A chapel was added to the castle before 1102, and a planned town known as Skipsea Brough was established near the castle around 1135 by Count William le Gros. Some remains of this settlement can still be seen, and even to this day, a cluster of cottages near the castle site bears the name Skipsea Brough, though it is not clear whether the cottages are actually on the site of the Norman settlement.
Henry III ordered Skipsea to be slighted (made unusable) in 1221, after the owner, Count William de Forz II, rebelled against the crown. It is not certain that the king's orders were ever carried out, but it seems that the castle was abandoned shortly after that time, and the area used to pasture livestock. The borough was also abandoned, and the site seems to have deserted by 1350.

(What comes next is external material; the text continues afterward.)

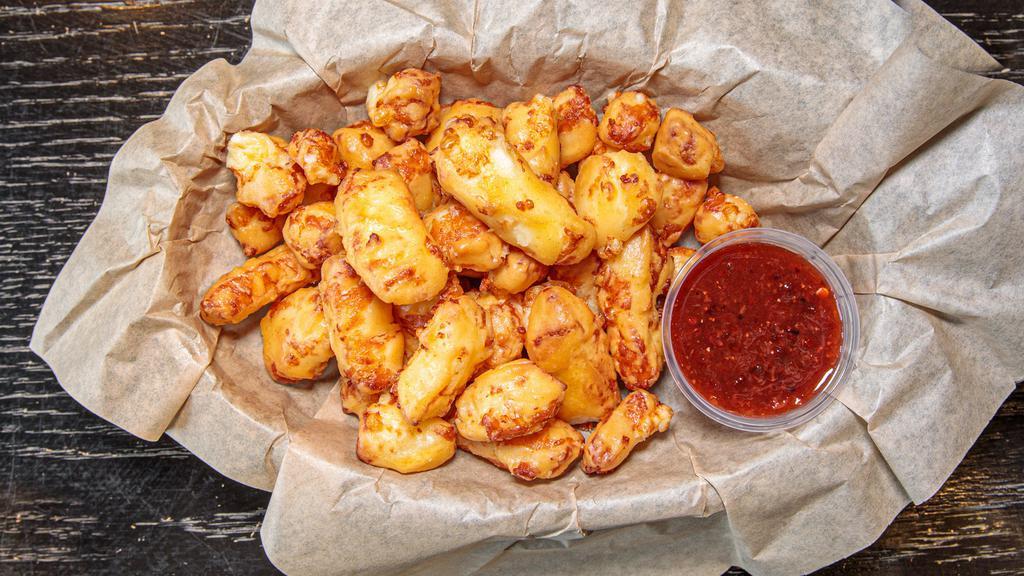 Cheese Curds · Hand battered curds served with strawberry chipotle jam.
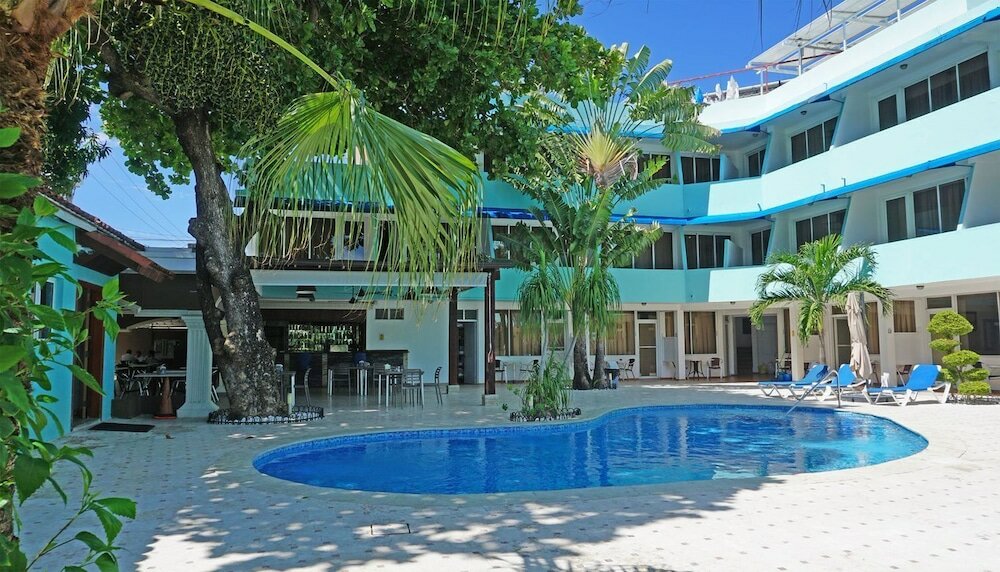 Фото New Garden Hotel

The castle site survives as extensive earthworks with short sections of cobbled wall. At the base of the motte is a flat area that was likely once a defensive mere, or area of marsh, connected to a bailey enclosure 100 yards away.
The most interesting thing about visiting Skipsea Castle is that the site is set in open farmland, so open, in fact, that you can easily see the extent and shape of the bailey banks and ditches that surround the site.
As a result, you can really get an appreciation of the scale of the defences, something that is often difficult to do at many motte sites which have been encroached on by modern civilisation. The other remarkable thing about Skipsea is how far the motte is from the bailey; I've never seen another site where the motte seems off by itself so markedly.